━━━ Data extracts

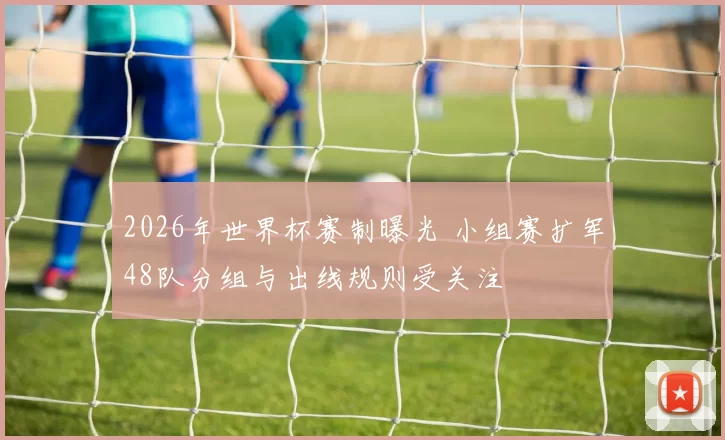 2026年世界杯赛制曝光 小组赛扩军48队分组与出线规则受关注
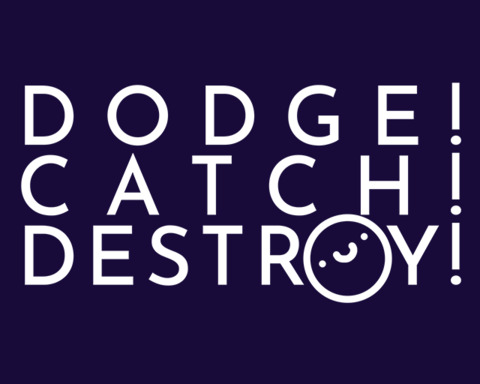 DODGE! CATCH! DESTROY!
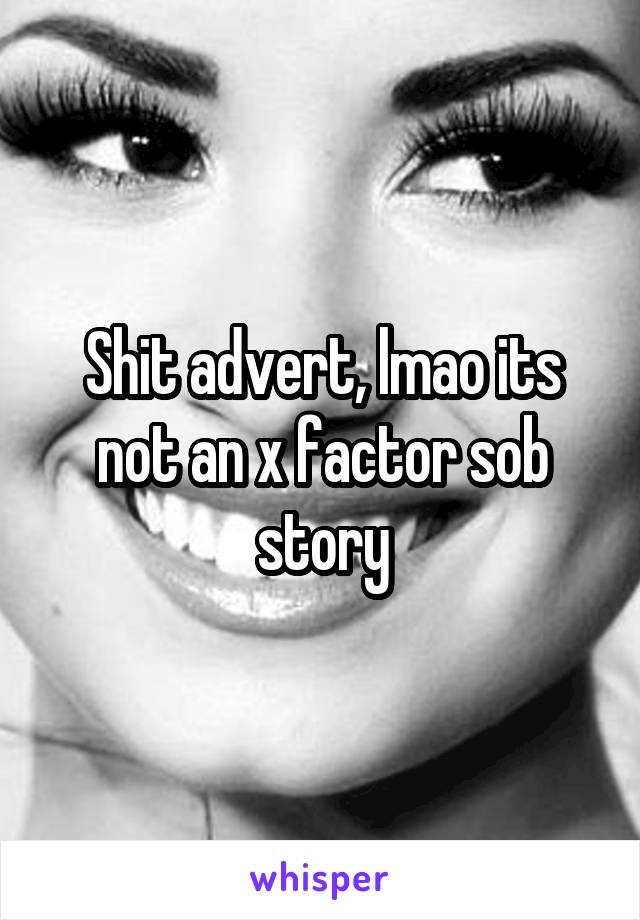 Shit advert, lmao its not an x factor sob story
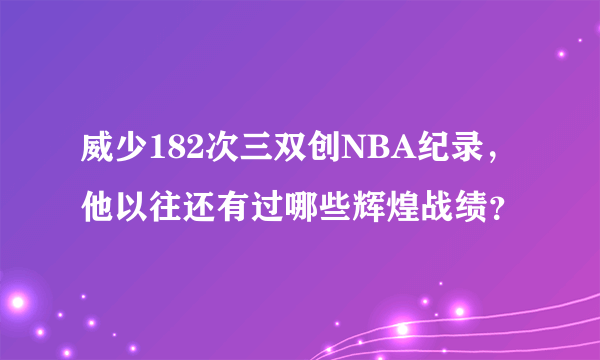 威少182次三双创NBA纪录，他以往还有过哪些辉煌战绩？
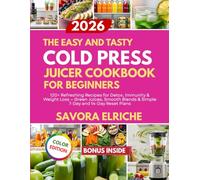 THE EASY AND TASTY COLD PRESS JUICER COOKBOOK FOR BEGINNERS: 120+ Refreshing Recipes for Detox, Immunity & Weight Loss - Green Juices, Smooth Blends & Simple 7-Day and 14-Day Reset Plans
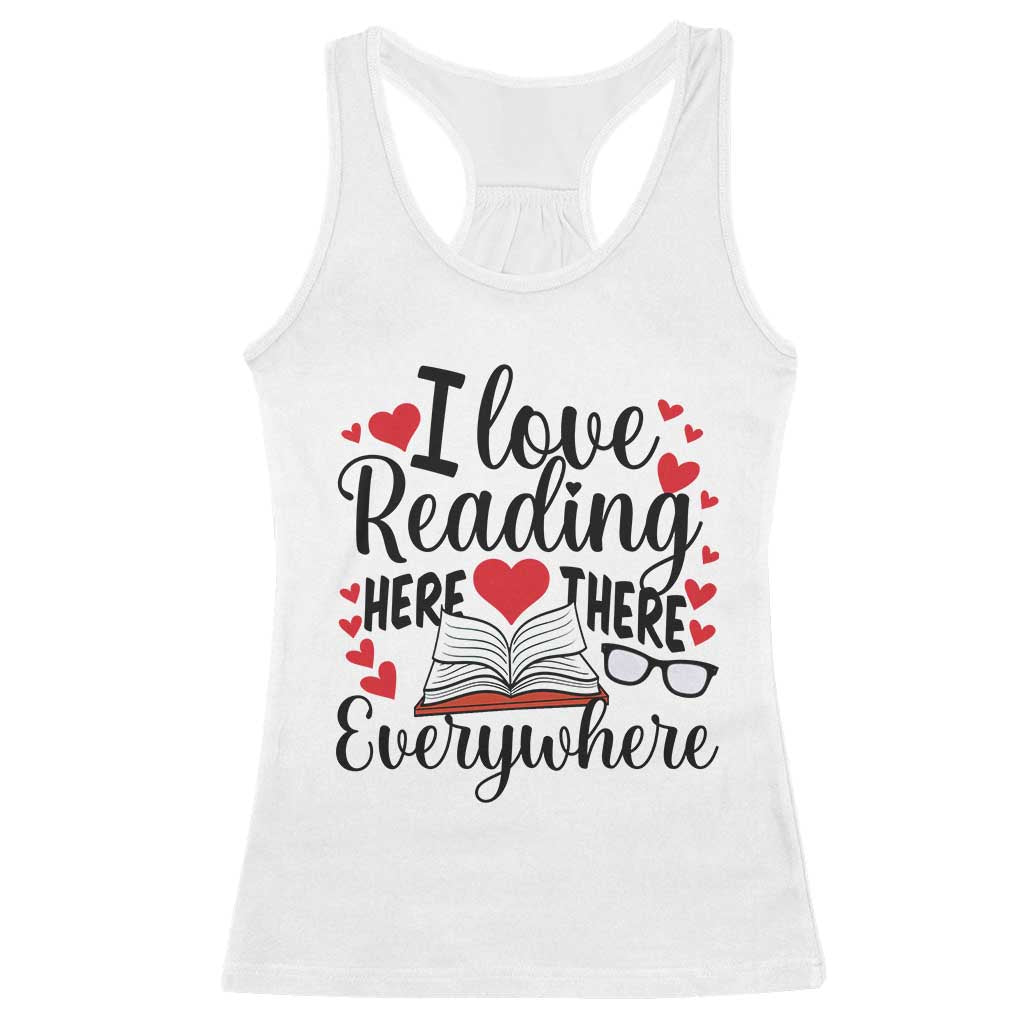 I Love Reading Here There Anywhere Racerback Tank Top Reading Month Across America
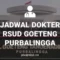 JADWAL DOKTER RSUD GOETENG PURBALINGGA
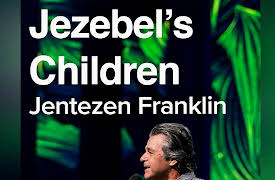 Jentezen Franklin: Jezebel's Children with Jentezen Franklin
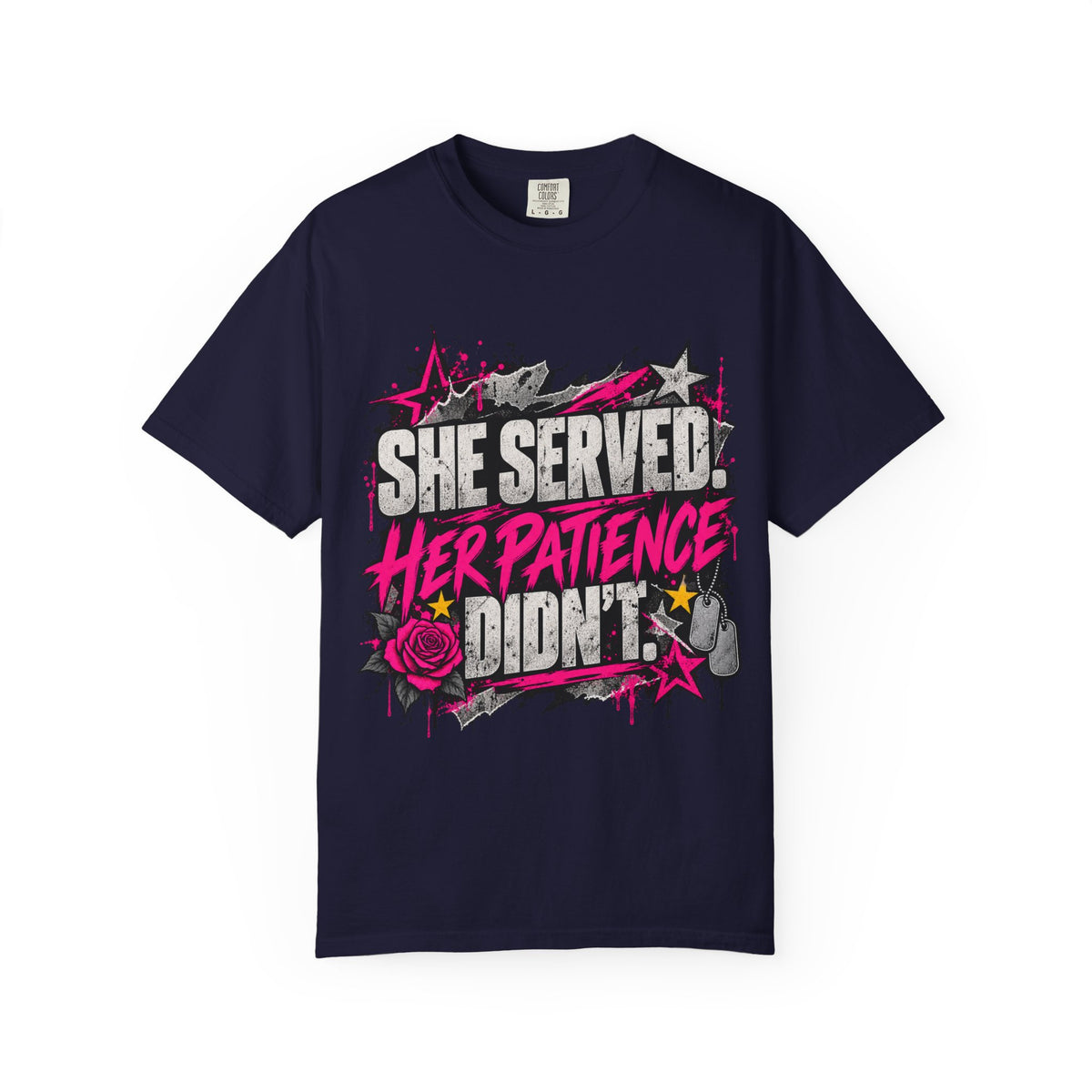 She Served. Her Patience Didn't. | Disgruntled Veteran Tee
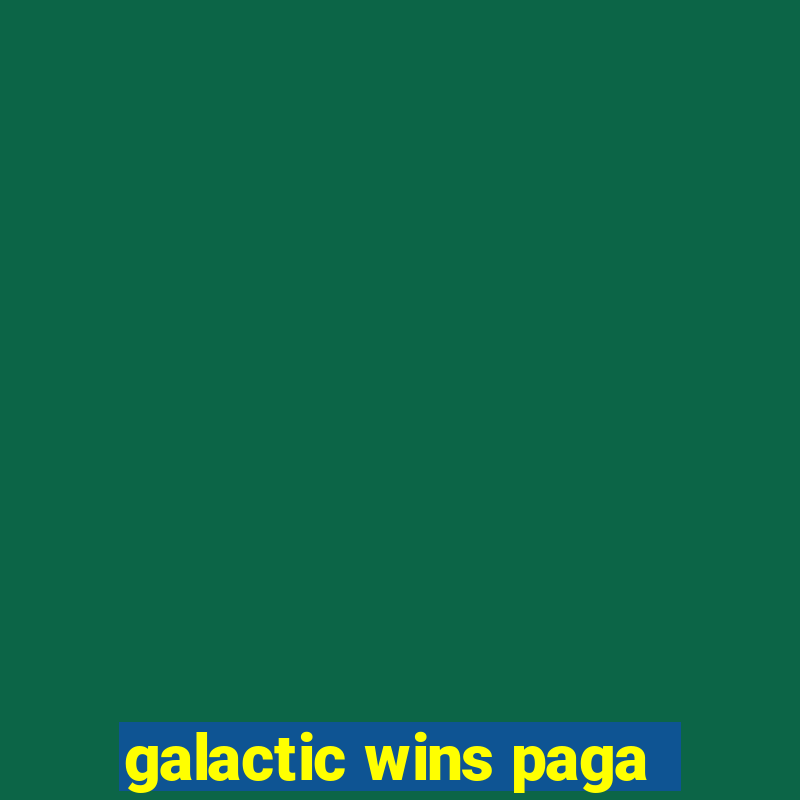 galactic wins paga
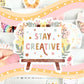 Stay Creative Sticker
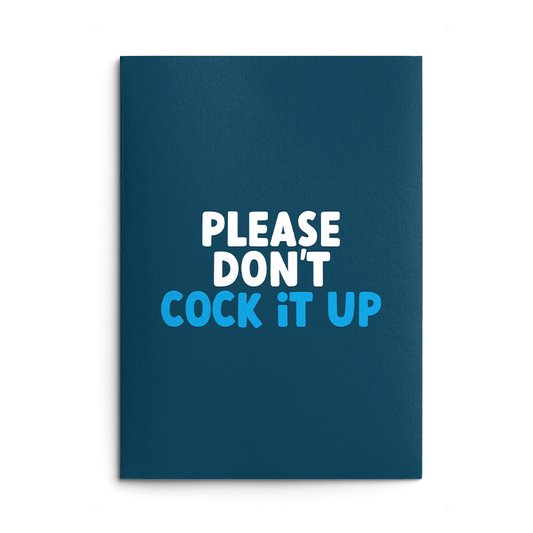Please Don't Cock It Up Rude Good Luck Card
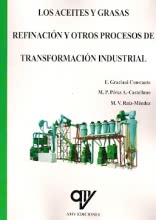 Los Aceites y Grasas. Refinación y Otros Procesos de Transformación Industrial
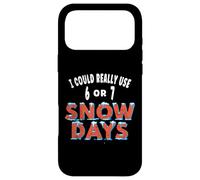 I Could Really Use 6 or 7 Snow Days Teacher Student Joke Case for iPhone 17 Pro Max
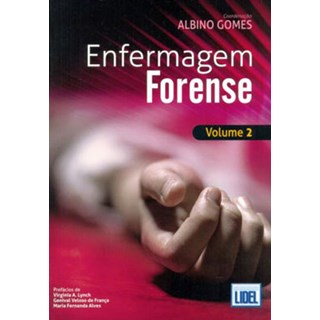 Livro - Enfermagem Forense - Vol. 2 - Gomes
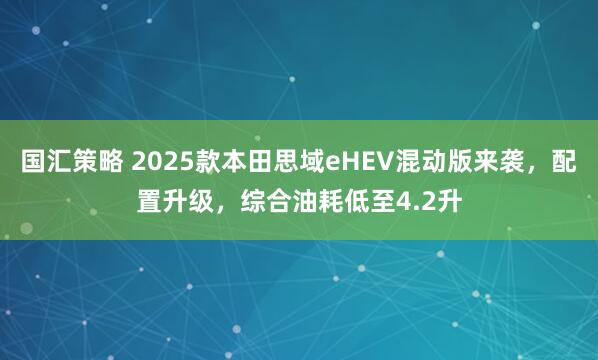 国汇策略 2025款本田思域eHEV混动版来袭，配置升级，综合油耗低至4.2升
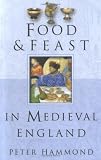 Food & Feast in Medieval England (Food & Feasts)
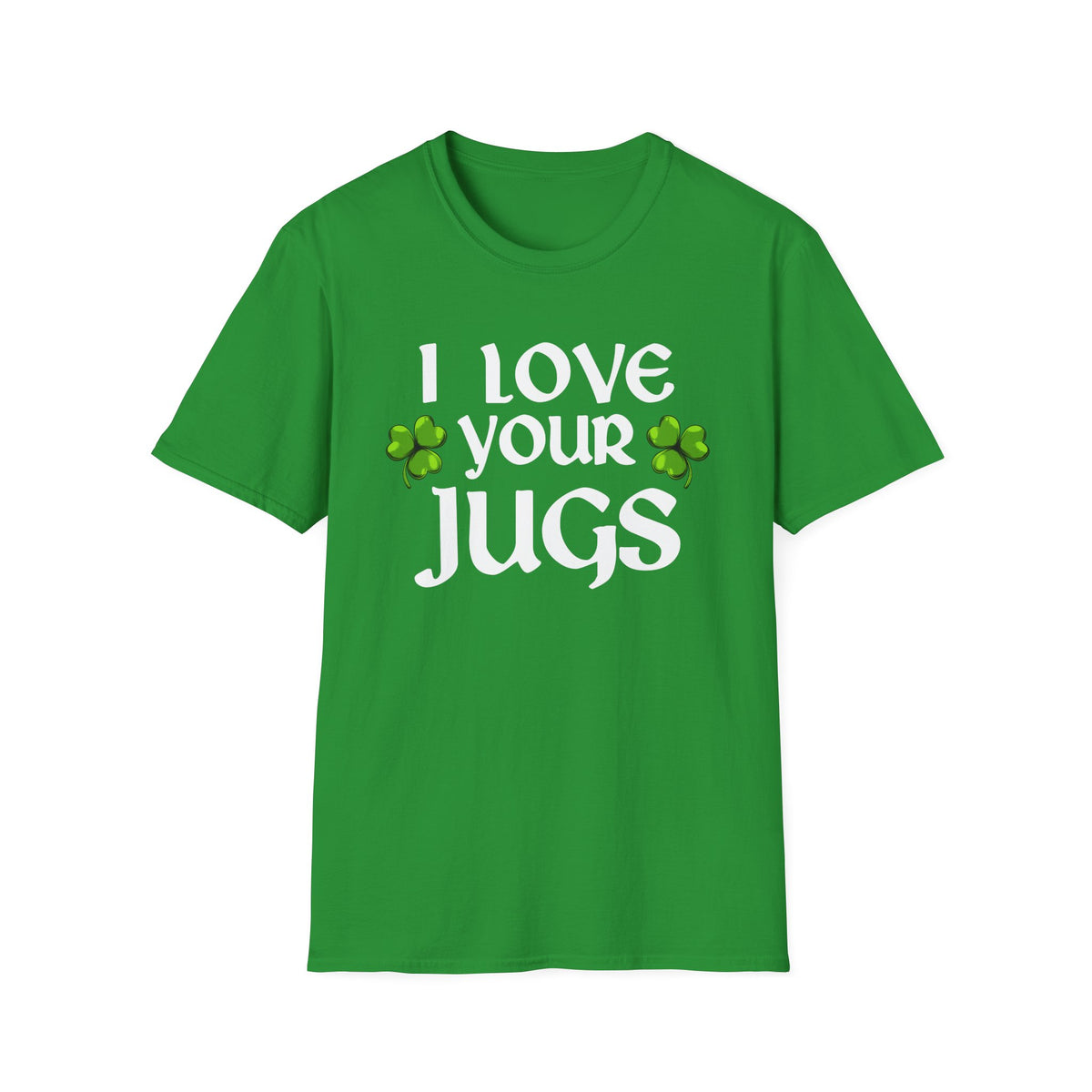 I Love Your Jugs | Deluxe Irish Green Tee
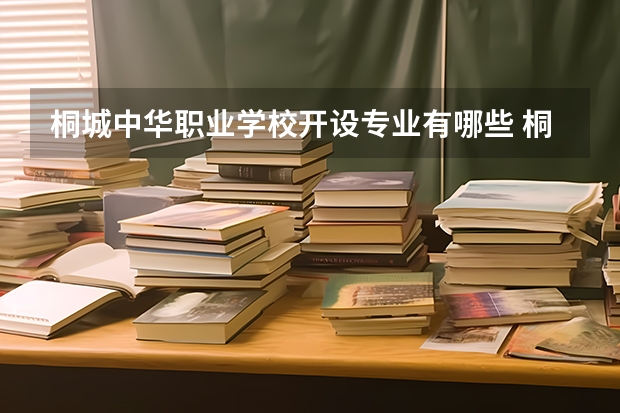 桐城中华职业学校开设专业有哪些 桐城中华职业学校优势专业是什么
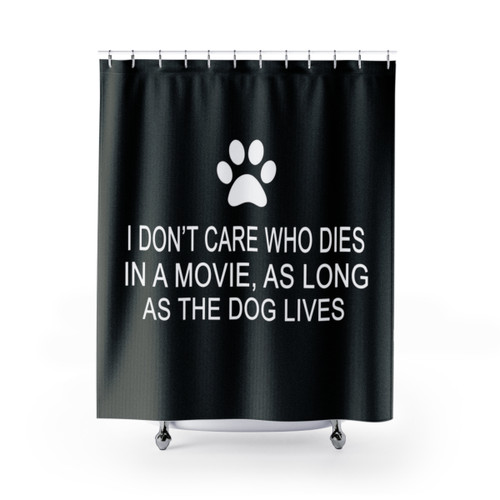 Dog Lover Shower Curtain with Funny Movie Quote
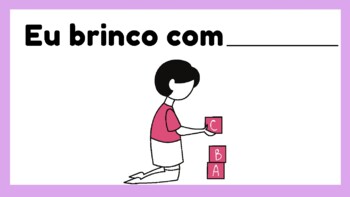 Preview of Eu brinco / I play in Portuguese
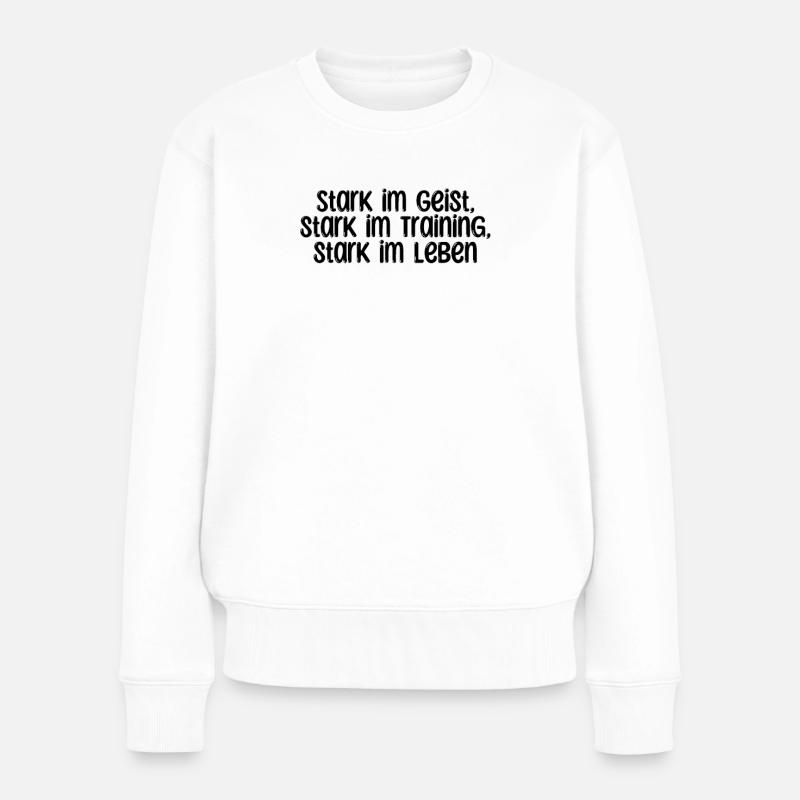 Fitness - Stark im Geist, stark im Training, - Frauen Premium Bio Pullover - Weiß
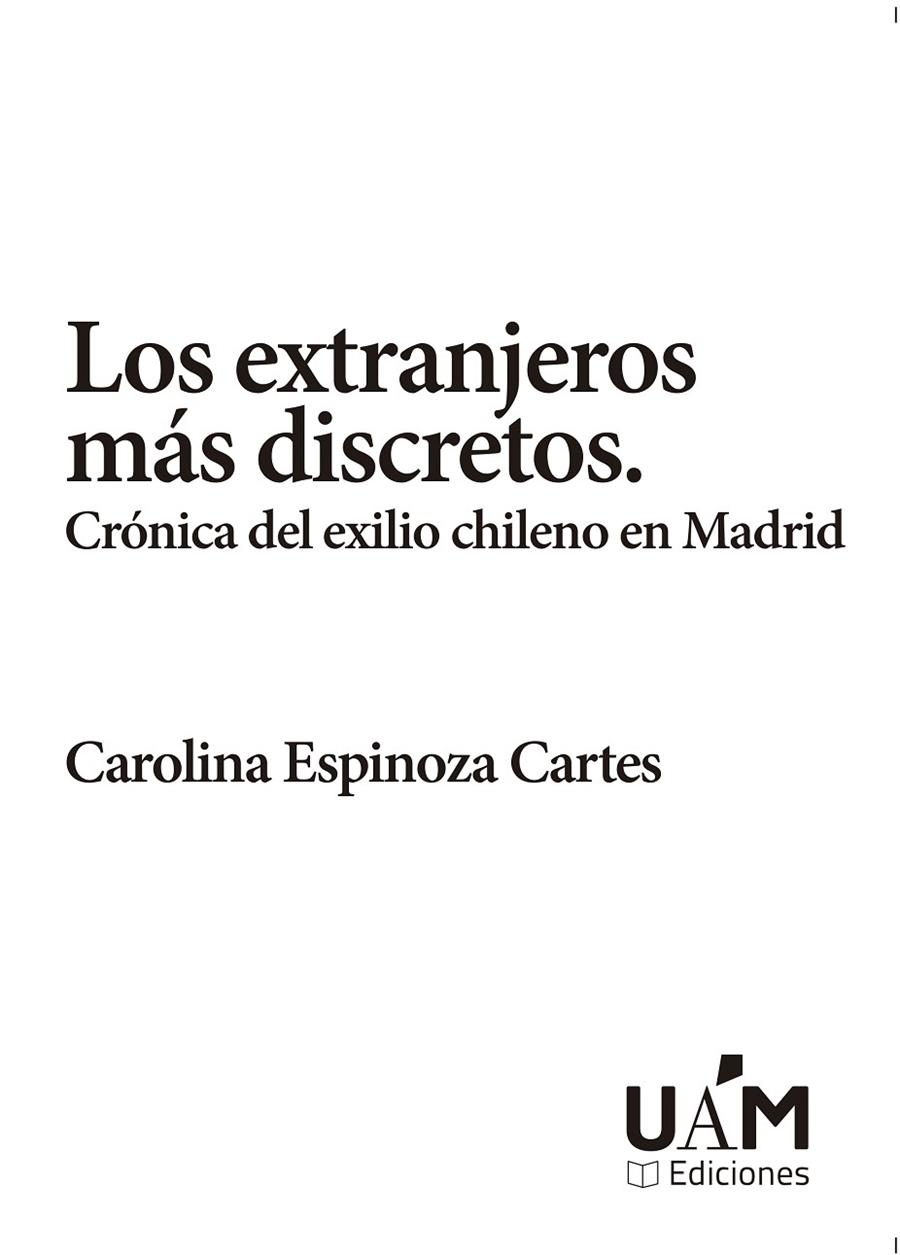 EXTRANJEROS MÁS DISCRETOS, LOS | 9788411680073 | ESPINOZA CARTES, CAROLINA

━━━━━━

◆ **Work task**
Starting with the line that contains "Food & Feast in", reproduce every line to the end of the material above, both end lines included, exactly and with no pictures.

◆ **Finished exercise**
 Food & Feast in Medieval England (Food & Feasts)
 I Love Your Jugs | Deluxe Irish Green Tee
 桐城中华职业学校开设专业有哪些 桐城中华职业学校优势专业是什么
 Dog Lover Shower Curtain with Funny Movie Quote
 Preview of Eu brinco / I play in Portuguese
 Fitness - Stark im Geist, stark im Training, - Frauen Premium Bio Pullover - Weiß
 EXTRANJEROS MÁS DISCRETOS, LOS | 9788411680073 | ESPINOZA CARTES, CAROLINA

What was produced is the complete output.